Last election my town went for HRC, while a town 30 minutes away went for Trump. And that pattern is more or less holding.
raven
@WereBear: Yup and we are gerrymandered so we have no impact above local.
daveNYC
Seems like the various state governments announcing that everything is cool and they’re re-opening would count as the sort of new information that would drive changes in behavior.
David Anderson
@Matt McIrvin: Yep, but if people who are not employees don’t show up to buy stuff, the store is closing again in a week.

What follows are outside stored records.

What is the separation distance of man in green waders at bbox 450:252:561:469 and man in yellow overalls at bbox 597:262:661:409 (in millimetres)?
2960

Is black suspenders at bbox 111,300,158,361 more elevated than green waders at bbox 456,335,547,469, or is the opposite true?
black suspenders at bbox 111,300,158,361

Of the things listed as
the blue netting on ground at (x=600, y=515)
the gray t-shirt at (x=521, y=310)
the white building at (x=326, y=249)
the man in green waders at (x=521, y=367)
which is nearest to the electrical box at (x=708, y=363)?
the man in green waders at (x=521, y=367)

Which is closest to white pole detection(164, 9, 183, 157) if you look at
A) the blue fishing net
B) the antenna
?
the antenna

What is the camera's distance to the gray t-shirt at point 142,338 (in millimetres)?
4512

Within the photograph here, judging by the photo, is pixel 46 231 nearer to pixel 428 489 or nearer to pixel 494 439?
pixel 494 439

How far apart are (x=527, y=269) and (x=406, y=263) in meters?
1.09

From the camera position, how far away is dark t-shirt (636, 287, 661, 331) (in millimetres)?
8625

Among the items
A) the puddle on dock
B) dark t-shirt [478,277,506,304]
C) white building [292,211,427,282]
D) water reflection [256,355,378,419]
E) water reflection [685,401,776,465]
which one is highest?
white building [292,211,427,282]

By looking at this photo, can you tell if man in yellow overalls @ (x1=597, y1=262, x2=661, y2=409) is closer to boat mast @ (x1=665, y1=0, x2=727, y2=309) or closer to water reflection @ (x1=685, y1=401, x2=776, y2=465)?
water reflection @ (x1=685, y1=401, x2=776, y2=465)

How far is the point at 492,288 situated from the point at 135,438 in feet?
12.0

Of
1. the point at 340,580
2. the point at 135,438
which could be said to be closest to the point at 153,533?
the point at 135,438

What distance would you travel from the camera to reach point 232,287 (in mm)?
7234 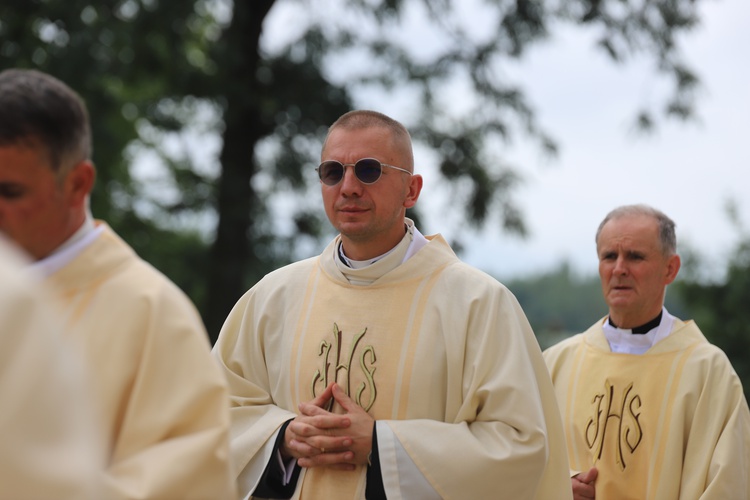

That is basically what I am implicitly arguing. There won’t be customers spending enough money to keep places open as people are rationally responding to the information (COVID is common, present and infectious as fuck) and staying home.
David Anderson
@daveNYC: not really. A state announcement that they are re-opening does not change the new test result/new deaths information stream, I think!
planetjanet
Policy matters. If you are forced to go back to work, you may not be able to maintain social distancing.
narya
Meanwhile, Pritzker extended IL through the end of May. I live in a blue corner of a blue city in a blue state, and I have been seeing quite a few face coverings, even on my early-morning runs. (Runners have actually been really good about giving each other plenty of space; dog walkers, OTOH . . . not so much.) The grocery store staff have masks and checkout counters have plexiglass barriers. The usage is imperfect, but at least there’s some awareness and compliance. I think we’re going to see some massive outbreaks in those red states by the end of May.
BruceFromOhio
The stupid, it doesn’t just burn, now it can kill.
@narya:
I think you are correct.
Sab
So will the Confederacy self-shermanize?
Sab
@Sab: Two of my kids are essential workers. One is in a company that is very careful. The other is non-management in a company that doesn’t care about anyone but senior management. Ditto for his fiancee. We live in fear all day every day.
Matt McIrvin
@David Anderson: I’m thinking some of these employers know perfectly well that they’re not going to remain open, but are pretending they will so they can reduce headcount and screw some terminated workers out of unemployment.
joel hanes
information matters more than policy
and this is how Trump’s “pressers” have killed people, and will kill more people.
JaneE
Being able to collect unemployment is a big deal. For workers it is the difference between something and nothing. For states it is millions they (don’t) have to pay out. When the governors “opening up” their states don’t even wait for the input of their own experts, you just know that public health and safety are no part of their calculation.